The concept is familiar, but the name of this particular doctrine is new to us. The First Department, in Palmeri v Willkie Farr & Gallagher LLP Decided on December 28, 2017 enunciated the following:
“Here, plaintiff alleges not only that defendant breached its fiduciary duty when it terminated its professional relationship with him, but also when, until at least June 2011, it acted in a manner directly adverse to his interests. Where there is a series of continuing wrongs, the continuing wrong doctrine tolls the limitation period until the date of the commission of the last wrongful act (Harvey v Metropolitan Life Ins. Co., 34 AD3d 364 [1st Dept 2006]; see also Ring v AXA Fin., Inc., 2008 NY Slip Op 30637[U] [Sup Ct, NY County 2008] [applying continuing violations doctrine to General Business Law § 349 claim where initial payments occurred outside statute of limitations but “the insurer  continued to bill, and … [plaintiff] … continued to pay” within three years of filing suit]).
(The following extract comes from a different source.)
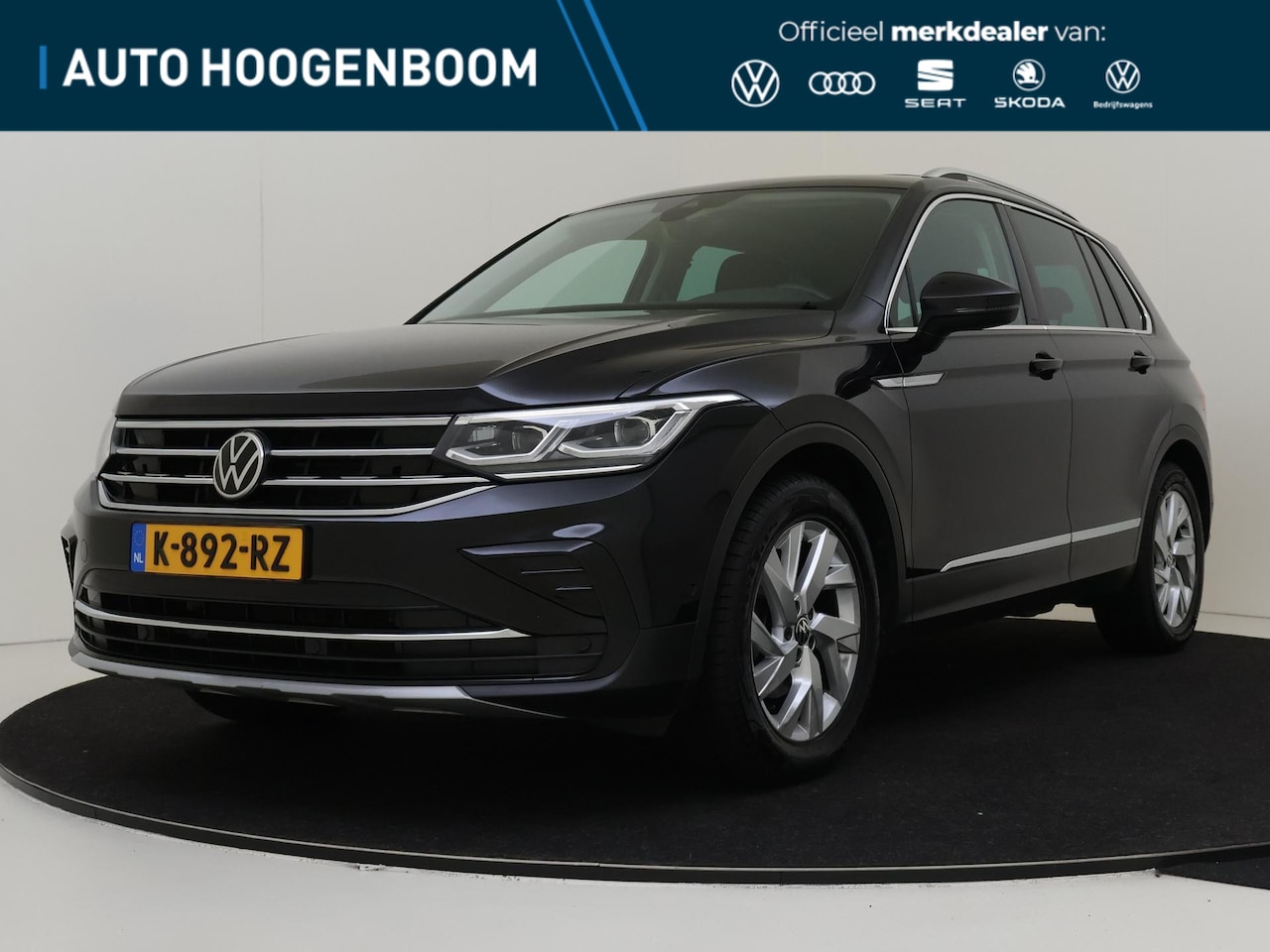 Volkswagen Tiguan - 1.5 TSI Elegance | Panoramadak | Trekhaak | Keyless | 3-zone airco | Stoelverwarming | Ach - AutoWereld.nl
Here, plaintiff has presented evidence of a “continuing wrong,” which is “deemed to have accrued on the date of the last wrongful act” (Leonhard v United States, 633 F2d 599, 613 [2d Cir. 1980], cert denied 451 US 908 ; Harvey, 34 AD3d at 364). Indeed, the record contains evidence sufficient to create an issue of fact as to whether defendant breached its fiduciary obligations to plaintiff after June 2009 and well into June 2011 during its ongoing representation of the Ramius parties.
For example, as noted, the record contains evidence that in the early portion of 2011, defendant helped Ramius identify witnesses who would testify against plaintiff at his FINRA disciplinary hearing. Similarly, defendant was present on behalf of Ramius and Ramius employees who testified at plaintiff’s FINRA hearing on June 28 through 29, 2011 — a hearing at which the employees gave testimony that was generally adverse to plaintiff’s interests. This evidence is sufficient for a fact-finder to determine that defendant breached its duty of loyalty to plaintiff, a former client (see Cooke v Laidlaw, Adams & Peck, 126 AD2d 453, 456 [1st Dept 1987] [ethical standards applying to the practice of law impose a continuing obligation upon lawyers to refuse employment in matters adversely affecting a client’s interests, even if the client is a former client]).”